A Busca Brasileira pela hegemonia continental

As recentes (e não tão recentes) discussões e atritos entre o governo brasileiro e o governo argentino, a divergência sobre o apoio ao uruguaio Carlos Pérez Del Castillo para a presidência da Organização Mundial do Comércio (OMC); a oferta de asilo político ao ex-presidente equatoriano Lúcio Gutierrez; a parceria inabalada com o presidente venezuelano Hugo Chávez além do princípio de animosidade com o governo paraguaio referente aos brasileiros que trabalham na fronteira são apenas alguns dos fatos que colidem com a estratégia brasileira de hegemonia sul-americana e um papel de liderança no qual o continente aceite de forma uniforme a posição brasileira.

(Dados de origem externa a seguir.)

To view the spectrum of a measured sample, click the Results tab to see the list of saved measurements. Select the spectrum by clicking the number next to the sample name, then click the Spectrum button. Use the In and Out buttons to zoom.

A política brasileira de estratégia de liderança internacional sofre periodicamente um revés, graças aos fatos correntes da geopolítica e não graças a um complô para frear nossas intenções de liderança. Algumas estratégias conflitantes em relação ao comportamento com a Venezuela, Estados Unidos e Argentina, demonstram um foco muito amplo e conflitante para uma ambição tão definida. A liderança que o Brasil quer e deve exercer em toda a região, deve ser congruente entre economia e política e não só em um ou no outro. A liderança é uma escolha natural entre os liderados no qual as ações brasileiras devam não só ser personalizada com cada país, mas também não deva entrar em conflito com políticas que envolvem outros países da região. Claro, a não ser que seja devidamente alinhada e óbvia dentro de uma estratégia de atuação do Brasil.

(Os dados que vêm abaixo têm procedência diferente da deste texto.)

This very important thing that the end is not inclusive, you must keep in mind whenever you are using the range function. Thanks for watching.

O que levamos a crer é que uma boa oportunidade de obter apoio geral na região para se conseguir alguns objetivos da nossa política externa (como a presidência da OMC ou um apoio uniforme ao Conselho de Segurança), foi perdido e parece cada vez mais longínquo. A OMC foi perdida e qualquer atitude do governo agora terá a mancha de não ter dado apoio nenhum antes. A Argentina já iniciou um lobby bem estruturado para que no caso de haver uma reforma na ONU, que seja rotatória o Conselho de Segurança por região, algo que afunda todas as ambições do Brasil de uma cadeira permanente. Os recentes abraços na Venezuela não só prejudicam dia a dia as relações com a Colômbia como gera uma incerteza na comunidade internacional sobre a seriedade do Brasil de liderar aparte de ideologias.


O que o ambiente atual indica é uma falta de coordenação, assim como acontece domesticamente, nas relações internacionais do país. Temos um ministro da Casa Civil viajando para a Venezuela para negociar pontos políticos ao mesmo tempo em que temos o ministro das Relações Exteriores falando sobre economia. A falta de coordenação parece geral e tem dado a impressão para as nações do mundo de que somos um país que atira para qualquer lado em busca de conseguir ao menos alguma coisa. Não importando quem possa sair prejudicado na história.